眼圧と緑内障の治療ガイド
定期的な視力検査は、緑内障などの目の病気を早期に発見するために欠かせません。検査の一環として眼圧(眼内圧)を測定しますが、異常に高い眼圧は緑内障のリスクを示す重要なサインです。症状が現れにくく、放置すると失明に至ることもあるため、早期発見と適切な対策が重要です。
高眼圧の原因
眼圧は、房水と呼ばれる液体が適切に排出されないと上昇します。房水は虹彩の裏側にある毛様体で産生され、角膜や水晶体に栄養を供給した後、小さな組織(小房網様体)を通って排出されます。この排出路が詰まると房水がたまり、視神経に圧力がかかり、緑内障の原因となります。
よくある誤解
「眼圧が高ければ必ず緑内障」と考える人がいますが、これは誤りです。米国国立眼研究所によると、眼圧が高いことは緑内障のリスクがあることを示すだけで、実際に視神経が損傷していなければ緑内障ではありません。逆に、眼圧が正常でも緑内障になるケースがあります。
緑内障の種類
- 慢性開放隅角緑内障:最も一般的で、症状がほとんどなく徐々に眼圧が上昇し、視神経が損傷するまで気付かれにくい。
- 閉塞隅角緑内障:急激に眼圧が上がり、激しい眼痛、視界のぼやけ、頭痛、吐き気、光のハローなどの症状が現れる。
- 正常眼圧緑内障:眼圧は正常範囲だが視野が狭くなるタイプ。
- 剥離症候群(エクスフォリエーション症候群):水晶体や排液角に異常な物質が蓄積し、開放隅角緑内障を引き起こす。
- 色素沈着緑内障:若年の近視の白人男性に多く見られる。
- 外傷・腫瘍・他の眼疾患に伴う二次性緑内障。
検査方法
- 視力検査:遠近の視力を測定し、非接触式トノメーターで空気の吹き付けにより眼圧を測定。

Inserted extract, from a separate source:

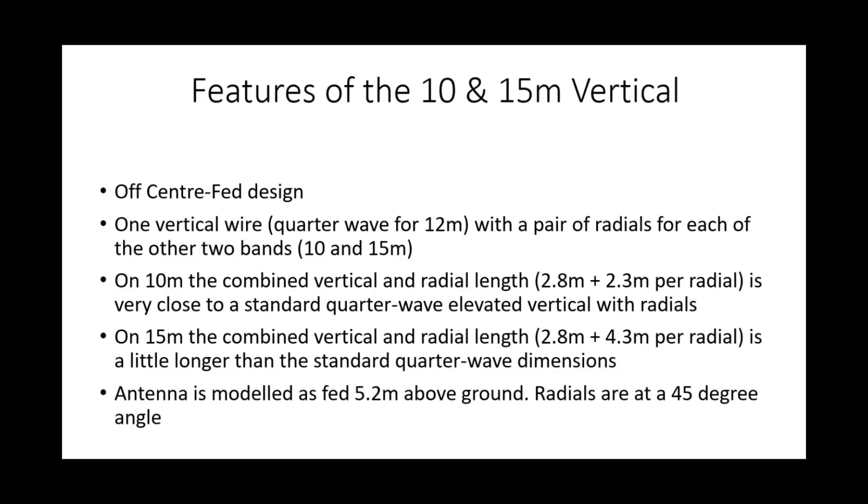The example I'm going to talk you through today is an antenna for 10 and 15 metres. Looking at the actual outline of the design: it's an off-centre-fed design with one vertical wire which is cut as a quarter-wave for 12 metres — note, it's not 10 or 15 — with a pair of radials for each of the other two bands, that's 10 and 15 metres. On 10 metres, the combined vertical and radial length is pretty close to being the standard quarter-wave elevated vertical with radials, because effectively each radial plus the vertical radiating element comes to around a half-wavelength.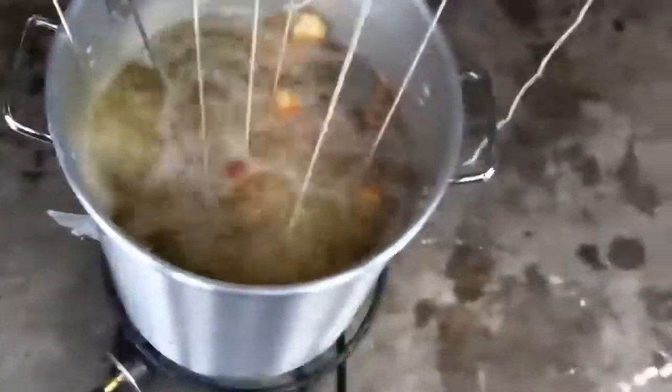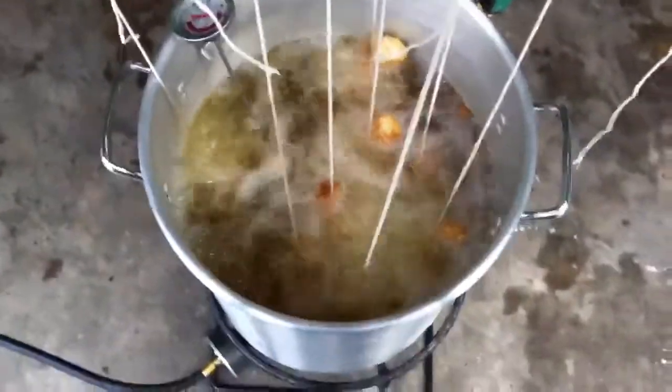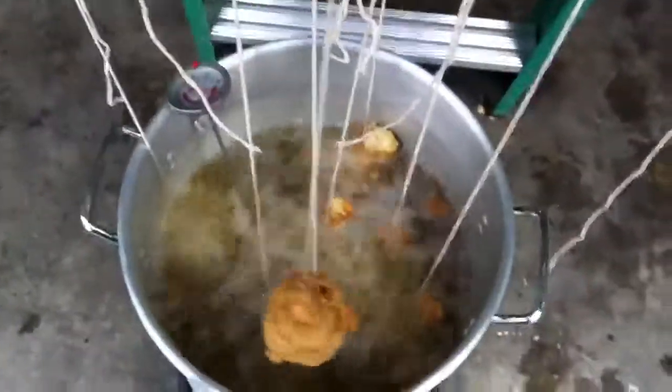Here's our chicken drumstick deep fryer method. Suspended, since we don't have a basket. It's nice and 400 degree-ish. We got chicken cooking — look at that chicken. Yes, propane. Indoors, too.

- 散瞳検査:散瞳薬で瞳孔を広げ、拡大レンズで眼底を観察し視神経の状態を評価。
- 接触式トノメトリー(アプレッショントノメトリー):局所麻酔後、角膜に直接触れて正確に眼圧を測定。
- 視野検査:周辺視野の欠損をチェック。
- 角膜厚測定(パチメトリー):超音波で角膜の厚さを測定し、角膜厚が眼圧測定値に与える影響を補正。
薬物治療
一時的に首を締めすぎる、逆立ちする、息を止めるなどで眼圧が上がることはありますが、持続的に高い眼圧が認められる場合は、眼圧を下げる薬が主な治療になります。治療の基本は「房水の産生を抑える」か「排出を促進する」ことです。主な点眼薬には、Timoptic、Lumigan、Xalatan、Trusopt、Pilocarpine、Alphagan などがあります。効果が不十分な場合は、作用機序が異なる別の点眼薬を併用することが推奨されます。
手術治療
眼圧が薬物で十分にコントロールできない場合、以下のような手術が検討されます。
- レーザー小房形成術(トラベクュロプラスティ):レーザーで排液路を開放し、房水の流れを改善。

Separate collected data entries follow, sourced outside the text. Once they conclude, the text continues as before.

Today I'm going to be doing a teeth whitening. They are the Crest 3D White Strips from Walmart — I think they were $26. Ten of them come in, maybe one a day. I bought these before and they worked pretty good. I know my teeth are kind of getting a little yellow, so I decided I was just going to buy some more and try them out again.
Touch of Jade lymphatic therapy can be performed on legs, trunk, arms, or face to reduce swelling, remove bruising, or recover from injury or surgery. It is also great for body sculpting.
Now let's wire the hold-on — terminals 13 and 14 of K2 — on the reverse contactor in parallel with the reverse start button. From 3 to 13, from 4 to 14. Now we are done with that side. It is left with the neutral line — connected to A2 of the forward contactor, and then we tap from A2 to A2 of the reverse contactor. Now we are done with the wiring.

- 濾過手術(トラベクュレクトミー):強膜に小さな開口部を作り、房水が直接排出できるようにする。
- シリコンチューブ植込み:小さなチューブを眼内に設置し、房水の排出路を確保。
自宅でできる対策
水分補給と適度な運動は眼圧を下げる基本です。1日を通してこまめに水を飲み、定期的な有酸素運動を行いましょう。カフェインの過剰摂取は眼圧上昇に影響する可能性があるため、過度のコーヒーは控え、代わりにお茶を選ぶと良いでしょう。緑内障は進行性の疾患で、完治は期待できませんが、早期に発見し適切に管理すれば視野の損失を最小限に抑えることができます。